You will never have the courage to live the future if you don’t allow yourself to dream
When I think about the future I have this wild image of life in my head. People talk about buying a house, starting a family and finding a good job, but it occurred to me I never dreamt of any of these things. I never really imagined myself living somewhere for the rest of my life. I don’t even know if I could. When I dream about the future I simply get this untameable urge for freedom, for nature, for wilderness and for beauty. Sadly when I start thinking about these things I realise that society currently forms a cage for people and makes them do the same, dress the same, walk the same, study the same and dream the same. All measures are taken to ensure that people are the same, but let’s face it: they are not!

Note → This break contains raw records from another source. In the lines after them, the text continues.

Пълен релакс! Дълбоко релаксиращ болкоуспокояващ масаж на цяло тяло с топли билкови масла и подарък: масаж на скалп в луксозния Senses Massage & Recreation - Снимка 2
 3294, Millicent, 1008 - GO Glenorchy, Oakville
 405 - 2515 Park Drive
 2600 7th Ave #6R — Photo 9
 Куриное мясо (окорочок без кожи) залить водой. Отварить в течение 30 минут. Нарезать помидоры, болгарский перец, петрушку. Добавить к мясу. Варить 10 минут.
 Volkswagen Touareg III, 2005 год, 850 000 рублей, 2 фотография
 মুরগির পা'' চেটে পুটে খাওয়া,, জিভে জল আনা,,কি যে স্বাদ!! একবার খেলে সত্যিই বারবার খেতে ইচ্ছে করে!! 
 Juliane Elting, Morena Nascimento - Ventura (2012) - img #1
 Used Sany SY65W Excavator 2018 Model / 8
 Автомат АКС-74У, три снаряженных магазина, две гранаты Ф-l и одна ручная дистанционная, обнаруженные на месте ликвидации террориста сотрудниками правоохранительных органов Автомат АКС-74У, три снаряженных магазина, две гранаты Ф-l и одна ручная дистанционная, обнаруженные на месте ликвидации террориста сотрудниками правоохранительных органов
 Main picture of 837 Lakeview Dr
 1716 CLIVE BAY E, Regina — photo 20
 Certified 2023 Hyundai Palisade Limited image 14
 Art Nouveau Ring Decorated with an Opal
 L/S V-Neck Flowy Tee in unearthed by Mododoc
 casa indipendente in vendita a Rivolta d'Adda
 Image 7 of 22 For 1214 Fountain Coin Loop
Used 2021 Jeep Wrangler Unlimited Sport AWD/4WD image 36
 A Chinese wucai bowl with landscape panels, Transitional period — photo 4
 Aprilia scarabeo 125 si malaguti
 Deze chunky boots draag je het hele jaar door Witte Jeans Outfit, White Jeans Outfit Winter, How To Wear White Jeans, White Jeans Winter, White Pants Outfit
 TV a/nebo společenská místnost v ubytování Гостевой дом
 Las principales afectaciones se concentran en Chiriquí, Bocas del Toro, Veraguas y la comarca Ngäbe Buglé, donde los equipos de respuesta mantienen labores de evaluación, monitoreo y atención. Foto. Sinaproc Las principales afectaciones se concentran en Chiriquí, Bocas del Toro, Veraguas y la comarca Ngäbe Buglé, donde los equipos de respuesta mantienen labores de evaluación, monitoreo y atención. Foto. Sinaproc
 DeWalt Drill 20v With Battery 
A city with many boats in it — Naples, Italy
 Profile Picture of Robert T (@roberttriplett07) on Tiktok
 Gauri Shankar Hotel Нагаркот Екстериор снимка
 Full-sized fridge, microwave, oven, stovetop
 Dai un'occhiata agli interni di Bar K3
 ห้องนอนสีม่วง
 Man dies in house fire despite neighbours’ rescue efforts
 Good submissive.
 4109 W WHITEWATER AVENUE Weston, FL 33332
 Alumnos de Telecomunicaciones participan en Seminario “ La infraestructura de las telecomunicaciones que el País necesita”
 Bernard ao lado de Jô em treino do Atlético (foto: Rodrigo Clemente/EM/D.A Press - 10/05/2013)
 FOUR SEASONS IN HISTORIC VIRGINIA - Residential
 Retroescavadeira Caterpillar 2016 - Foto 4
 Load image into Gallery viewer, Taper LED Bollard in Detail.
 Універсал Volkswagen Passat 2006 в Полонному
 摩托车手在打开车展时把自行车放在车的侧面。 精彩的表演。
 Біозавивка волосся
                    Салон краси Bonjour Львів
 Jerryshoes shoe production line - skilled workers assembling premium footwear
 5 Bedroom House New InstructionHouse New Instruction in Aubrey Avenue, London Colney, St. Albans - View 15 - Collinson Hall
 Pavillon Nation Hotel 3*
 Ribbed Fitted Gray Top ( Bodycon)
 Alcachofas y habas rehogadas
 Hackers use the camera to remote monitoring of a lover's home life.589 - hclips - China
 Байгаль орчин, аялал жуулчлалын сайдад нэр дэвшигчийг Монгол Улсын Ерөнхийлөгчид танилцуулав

People have different urges, different ideas, different weaknesses and different dreams. It should be about embracing these differences, because exactly these create richness and beauty in the world. We shouldn’t be the same, we cannot be the same, but we should love the differences between people and support each other. We can keep on denying the truth, we can keep on hiding, but we cannot avoid it. One day or another we need to face reality and embrace the richness and differences around us.
Listen, talk, be open-minded, look around, help and have respect. Maybe you end up learning something you never expected. And oh damn, I am ready to learn, learn from people, learn from nature and learn from the world. Learn through failure, learn by hitting boundaries and learn from being down and finding a way back up. Maybe learn from just having time, taking time to think, listen, feel and observe. Because discovering the world, discovering other people is not possible without discovering yourself.
Possibly that is the hardest part. Maybe you don’t like what you find. If I am honest, I don’t like everything I already discovered about myself. Maybe I can even say that I am scared to further discover who I am together with people who don’t even realise what they do for me, how they change me.
Anyhow, it is a long road, a beautiful road. A road heading to an unknown future, but I promise you, even though I don’t know where I am heading, it will not be a boring one.